On ignore, en vérité, presque tout de la personnalité du meurtrier, de ses véritables motifs, de ses complicités éventuelles. Gardons nous ainsi de toute généralisation ou approximation. Pour ne prendre que cet exemple, contrairement à ce qu’écrivait ”Le Monde” daté du 23 mars, il m’apparaît pour le moins dangereux de parler de la ”« dérive radicale d’un gamin des cités »”. Les ”« gamins des cités »” ne sont en effet pas, dans leur écrasante majorité, des psychopathes en devenir ; ils veulent simplement vivre dignement au sein de la nation qui est la leur, voir reconnaître leurs droits fondamentaux à une éducation de qualité, à un travail stable, à une santé accessible à chacun, à un logement digne de ce nom, à une citoyenneté qui cesserait de les reléguer aux marges de la République… De même, convient-il de se garder de ces analyses fondées sur on ne sait quoi, que l’on aura vu déferler plusieurs jours durant pour accréditer l’idée que toute cette affaire attesterait de l’existence de réseaux terroristes menaçants (ou, disent aussi les « experts » à l’air sentencieux qui occupent à longueur de temps les plateaux de télévision, de structures ”« jihadistes »”) : on ne sait même pas, présentement, dans quel but et avec quels moyens Merah s’est rendu en Afghanistan, s’il y a été pris en charge par un réseau organisé, la nature exacte des contacts qu’il y aura manifestement eu avec les services américains puis français, l’objet et le financement de ses voyages dans une série de zones troublées du monde arabo-musulman… et même apparemment en Israël !

ÉTABLIR LA LUMIÈRE SUR UNE AFFAIRE TROUBLE

Je ne suis ni enquêteur, ni « criminologue » ou expert en « terrorisme islamique », encore moins journaliste d’investigation. Faute d’éléments recoupés, je me garderai donc bien de formuler la moindre hypothèse sur cette terrible et nébuleuse histoire. En revanche, il me paraît du devoir d’un responsable politique attaché à l’état de droit d’affirmer que doit être, sans délai, dissipé le malaise que tout un chacun ressent devant des « informations » censées éclairer le grand public alors… qu’elles se révèlent chaque jour plus confuses et chaque jour plus contradictoires.

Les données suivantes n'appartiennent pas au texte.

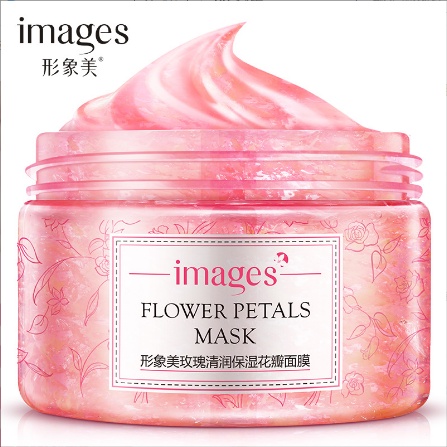 Images Flower Petal Sleeping Mask 120 Gr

Outre ce qui a trait à l’individu abattu le 21 mars lui-même, à ses accointances éventuelles ou à ses affiliations, l’interpellation des autorités en charge de ce genre de dossiers et du maintien de l’ordre s’impose sur une série de questions : à supposer que cet homme ait eu les antécédents fondamentalistes indiqués, et s’il se confirmait que son nom était connu depuis longtemps des services de police (au point d’avoir été longuement mis sur écoutes), comment expliquer qu’il ait fallu attendre les assassinats antisémites de l’école Ozar Hatorah pour qu’on s’intéressât à lui et qu’on le localisât, avant de finir par l’assiéger à son domicile ? D’où provient l’armement imposant sur lequel les enquêteurs auraient mis la main ? Comment les décisions opérationnelles concernant l’assaut donné à l’appartement de la rue du Sergent-Vigné de Toulouse auront-elles été prises, et à qui en sera revenue la véritable maîtrise, l’autorité politique (incarnée par un ministre de l’Intérieur en liaison permanente avec l’Élysée) ou le parquet (en théorie, seul habilité à gérer ce type de cas de figure) ?

Les tueries de Montauban et Toulouse soulèvent trop d’interrogations troublantes… Elles ont fait l’objet de trop de supputations ne reposant sur aucun fondement solide… Elles ont donné lieu à trop de « fuites » de la part de milieux dits autorisés et à trop de gesticulations policières (jusqu’à cette vague d’interpellations, il y a quelques jours, dans des milieux islamistes supposés, sans qu’ensuite on ne sache plus rien des résultats de l’enquête)… Elles ont joué un rôle trop perturbateur du débat public… Pour qu’il ne s’imposât pas de dissiper au plus vite des brouillards préoccupants pour la démocratie. Même François Heisbourg, qui n’a rien d’un gauchiste échevelé puisqu’il se présente en ”« conseiller spécial de la Fondation pour la recherche stratégique »”, en arrive à cette conclusion, à propos des ”« défaillances »” de communication, qu’il relève, ”« entre le renseignement et l’enquête policière »”. Le voilà donc qui écrit, dans ”Le Monde” du 30 mars : ”« Dans la plupart des autres démocraties, le fait que ces questions se posent amènerait à la création d’une commission d’enquête administrative avec la participation de la délégation parlementaire au renseignement. »” Il a raison de pointer que ”« la plupart des autres démocraties »” verraient surgir une exigence de transparence et de contrôle du Parlement sur le fonctionnement de l’appareil coercitif. Sauf que nous vivons, depuis les origines de la V° République, sous le régime de l’opacité et de la toute-puissance d’une nomenklatura habituée à ne rendre des comptes à personne… excepté au monarque élyséen et à ses affidés.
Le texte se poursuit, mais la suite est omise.